Input data:
* * * * * * *

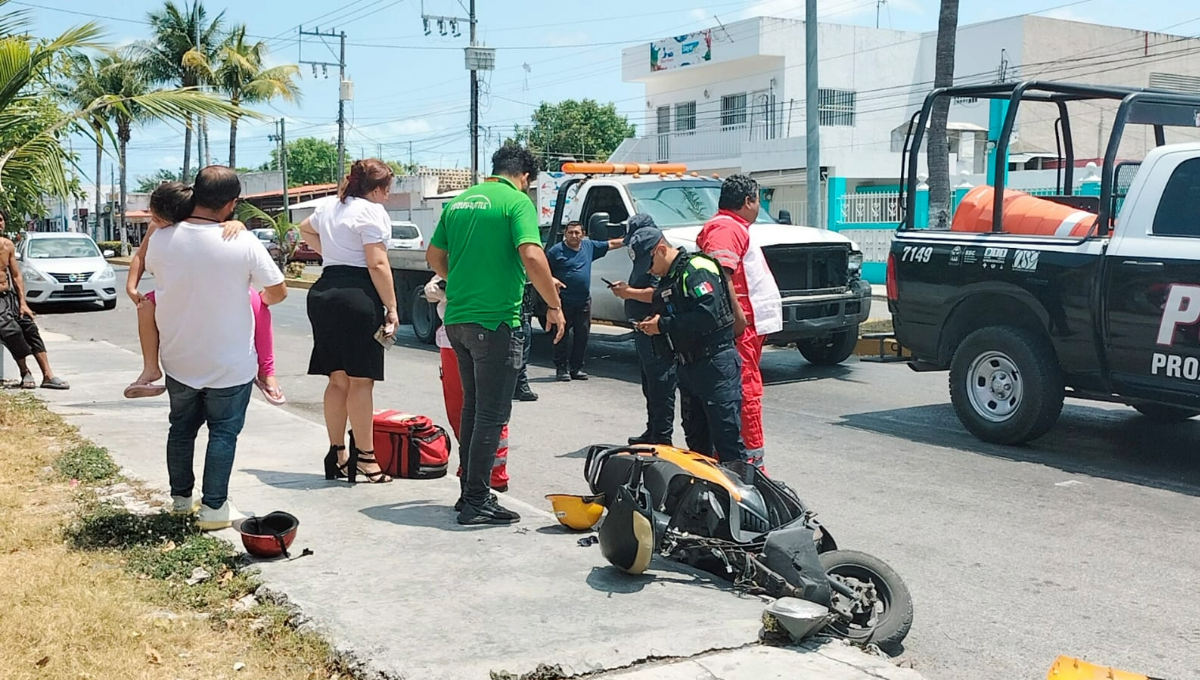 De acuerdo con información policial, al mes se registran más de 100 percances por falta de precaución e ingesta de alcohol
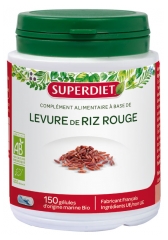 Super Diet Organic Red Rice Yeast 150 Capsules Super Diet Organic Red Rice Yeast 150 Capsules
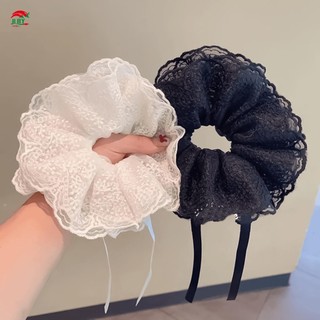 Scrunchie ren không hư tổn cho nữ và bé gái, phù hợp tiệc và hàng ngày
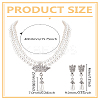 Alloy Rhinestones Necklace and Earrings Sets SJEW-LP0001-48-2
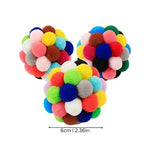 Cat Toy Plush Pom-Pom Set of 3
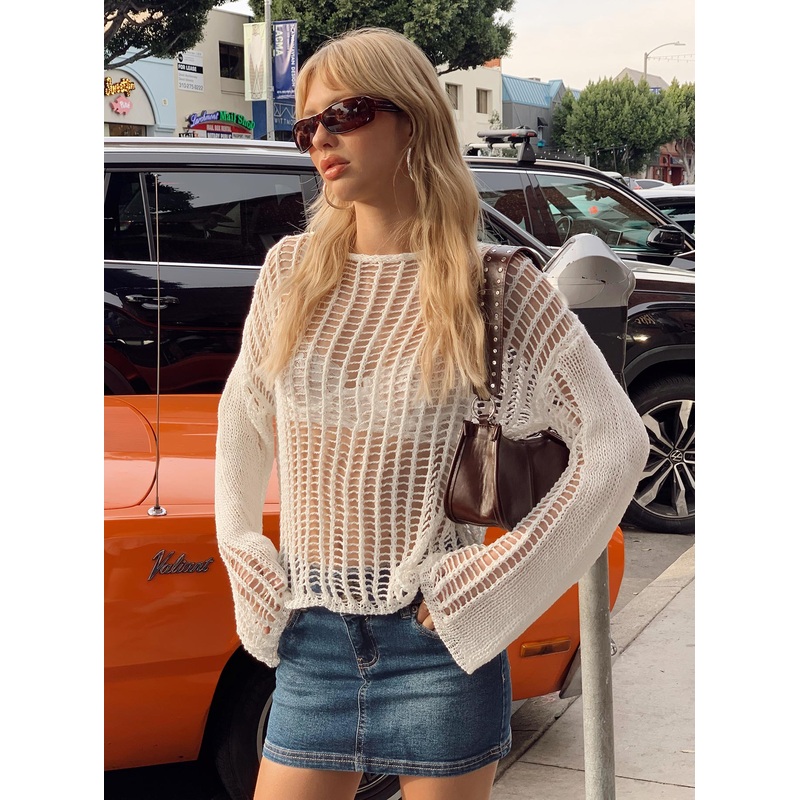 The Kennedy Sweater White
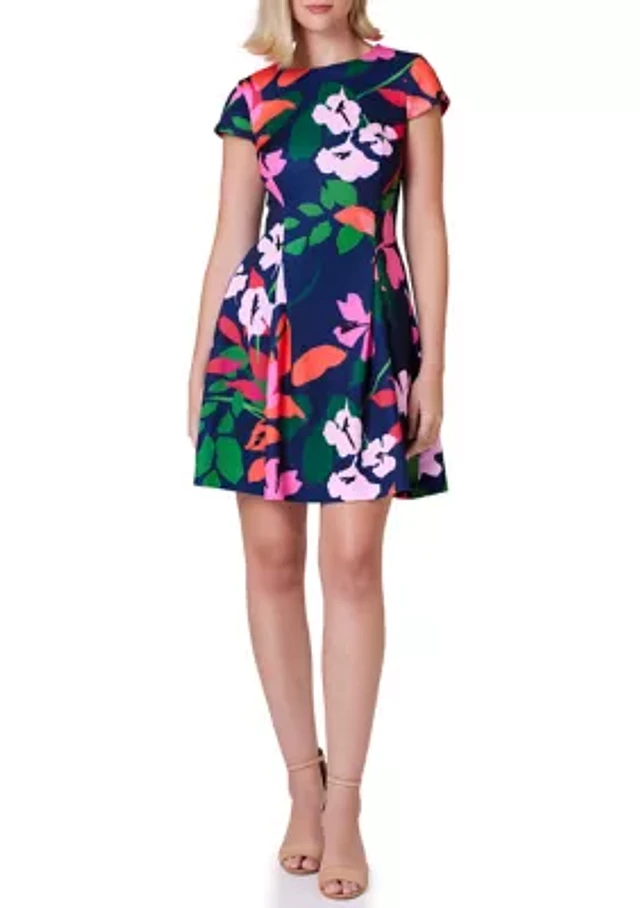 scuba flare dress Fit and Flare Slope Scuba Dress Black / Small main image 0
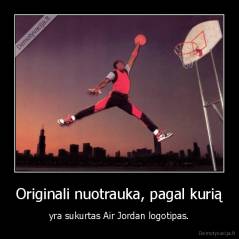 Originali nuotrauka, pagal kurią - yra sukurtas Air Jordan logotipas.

* * * * * * *

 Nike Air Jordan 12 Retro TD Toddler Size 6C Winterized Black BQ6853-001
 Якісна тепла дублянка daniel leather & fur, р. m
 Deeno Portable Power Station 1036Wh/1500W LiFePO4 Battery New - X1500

* * * * * * *

Problem details: Everything between and including the line above containing "The Kennedy Sweater White" and the line containing "Originali nuotrauka, pagal" should be reproduced exactly, with pictures excluded.

The answer:
 The Kennedy Sweater White
 scuba flare dress Fit and Flare Slope Scuba Dress Black / Small main image 0
 Originali nuotrauka, pagal kurią - yra sukurtas Air Jordan logotipas.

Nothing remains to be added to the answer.